We went to see Icelandic Sagas – a two person show that covers all 40 Icelandic sagas in 75 minutes. As a comedy, it was designed to be engaging and it a fantastic way to get the basics on some of the important stories that explain Iceland’s history. The sagas have their roots in real events and were relayed as verbal histories throughout out the 11th and 12th centuries before being recorded around the 14th century. There is a lot of A killed B. So C decided to take revenge and then C was killed by D and E, and so on.
The sagas, and Iceland’s political history in general, are fascinating and worth taking the time to learn about. There is much more to Iceland than the reductionist picture of big mountains, cute coloured houses and puffins (although there is certainly an abundance of those things too).
Our second day started with a quick trip up to the top of the Hallgrimskirkja for a bird’s eye view of the city before organising some supplies for our upcoming trek. On our second afternoon we headed out to the Blue Lagoon. In peak season you need to book ahead to guarantee entry as they cap the number of visitors per hour. It is well organised with regular shuttles and, given its proximity to the airport, the option to store large luggage so that you can swing by on your way in or out of the country.
In places like Iceland it is really easy to get hung up on how expensive things are and spoil a lot of experiences by carping on about whether it was ‘worth it’. Even the most basic entry to the Blue Lagoon will cost in excess of 70 Euro once you factor in a bus transfer so you need to decide up front if you can let that go or if you are going to feel rorted by paying a mini fortune to sit in what essentially is just some very hot, albeit very blue, water with a heap of strangers. You need to work out what an experience is worth to you and then just get over it. There are lots of ways to save money when you travel (we have been living off homemade sandwiches, skyr and corn chips most days) but when you decide to splurge on a meal or activity you need to forget about the cost.
I pretended the Blue Lagoon cost us $20 and subsequently had a fantastic time. It is a really nice way to relax after a lot of travel and it lovely to spend an hour or so just unwinding. You are fitted with wrist bands that allow you to purchase drinks from the swim up bar, (and the prices are not any more expensive than other bars in Reykjavik). There was something pretty magical about sitting in the toasty water while the air was a crisp 10 degrees, enjoying a beer and just absorbing the fact that we had finally arrived in Iceland.

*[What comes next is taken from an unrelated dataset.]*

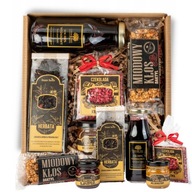 AJÁNDÉK SZETT KARÁCSONYRA MIKULÁS MÉZ TEA CSOKOLÁDÉ KARÁCSONYI DOBOZ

After a much needed snooze on the 40 minute bus back to Reykjavik we arrived back in the city just in time to watch the first half of the Euro Cup on big screens set up in the city square – an absolutely perfect finish to a great start in Iceland.
Accommodation: Loki 101 Guesthouse.
We have booked almost all of our accommodation in guesthouses. Guesthouses are the most common type of accommodation and generally offer a private room with a shared bathroom and communal kitchen. We selected this option as it was cheaper than a campervan (even with accommodation plus car hire) and offered us the chance to save some money by preparing our own food.
Loki is a clean guesthouse with a large communal kitchen and laundry facilities (which was handy). The rooms were small but adequate and, like most accommodation in Iceland, the guesthouse offers free wifi. It is located just 50 metres from the Hallgrimskirkja which is very helpful from a navigation perspective and also means that most major sites are within a 10 minute walk.
The guesthouse is also on the pick up/drop off route for most bus transfers and tour pick ups.